Their remarks came during a third day of legislative hearings on a proposal by Raimondo and Gov. Lincoln Chafee and a day after hundreds of supporters and opponents of the legislation filled the Statehouse to weigh in on the bill.
Paul Valletta of the State Association of Firefighters said Raimondo "cooked the books" with actuarial assumptions and conservative market projections that exaggerate the pension system's problems. He accused her of supporting "draconian" changes to the retirement system to raise her political profile.
"She created this problem and now she's riding in on a white horse," Valletta said.
Raimondo, a Democrat, insists that rising pension costs could cripple governments and force tax hikes or budget cuts. The state's unfunded pension liability stands at $7 billion, and the state's pension costs are set to double next year to over $600 million. The state retirement system covers 66,000 public teachers, state and municipal workers, police, firefighters and judges.
The proposal would save $3 billion over a decade by raising retirement ages for most workers and halting annual cost-of-living pension increases for most retirees. The legislation would also create a new system that combines traditional pensions with 401(k)-style retirement accounts.

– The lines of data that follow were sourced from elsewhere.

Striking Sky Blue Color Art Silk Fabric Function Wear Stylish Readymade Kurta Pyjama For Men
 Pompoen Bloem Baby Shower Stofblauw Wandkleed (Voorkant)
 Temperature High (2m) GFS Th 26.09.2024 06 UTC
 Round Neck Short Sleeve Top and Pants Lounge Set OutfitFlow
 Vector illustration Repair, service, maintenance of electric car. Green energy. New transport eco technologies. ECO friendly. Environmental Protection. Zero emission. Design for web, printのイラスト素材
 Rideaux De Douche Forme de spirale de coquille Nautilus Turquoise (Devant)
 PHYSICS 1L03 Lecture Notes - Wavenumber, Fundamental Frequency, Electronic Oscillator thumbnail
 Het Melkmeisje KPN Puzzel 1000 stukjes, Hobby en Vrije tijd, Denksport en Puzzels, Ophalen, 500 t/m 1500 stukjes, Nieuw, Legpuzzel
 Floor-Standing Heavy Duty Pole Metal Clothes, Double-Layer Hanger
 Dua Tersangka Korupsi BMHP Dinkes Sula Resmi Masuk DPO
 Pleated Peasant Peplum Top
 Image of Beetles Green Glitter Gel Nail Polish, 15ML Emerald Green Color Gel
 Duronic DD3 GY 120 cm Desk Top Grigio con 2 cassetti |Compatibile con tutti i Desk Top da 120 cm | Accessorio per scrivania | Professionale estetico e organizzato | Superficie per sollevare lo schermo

On Thursday, lawmakers heard from police, firefighters and prison employees. Many pointed to higher retirement ages as a particular concern since their jobs are physically demanding. Echoing comments from public teachers and state workers at a hearing Wednesday, they predicted the proposal to halt pension adjustments for a projected 19 years would devastate the finances of many retirees.
Several said they would consider higher pension contributions for employees or more modest reductions in cost-of-living increases instead.
"There's always room to negotiate," said Tony Capezza, director of the state chapter of the International Brotherhood of Police Officers. "Why won't you listen to us? Why are we always trying to balance the problems of the state on the backs of workers?"
Supporters of the plan, however, said the state and its municipalities can't afford to water down the legislation. Woonsocket Mayor Leo Fontaine said his cash-strapped city has cut services, eliminated positions and even turned off streetlights.
"Our city services have been decimated," Fontaine said. "We just don't have the money. How much more can we take?"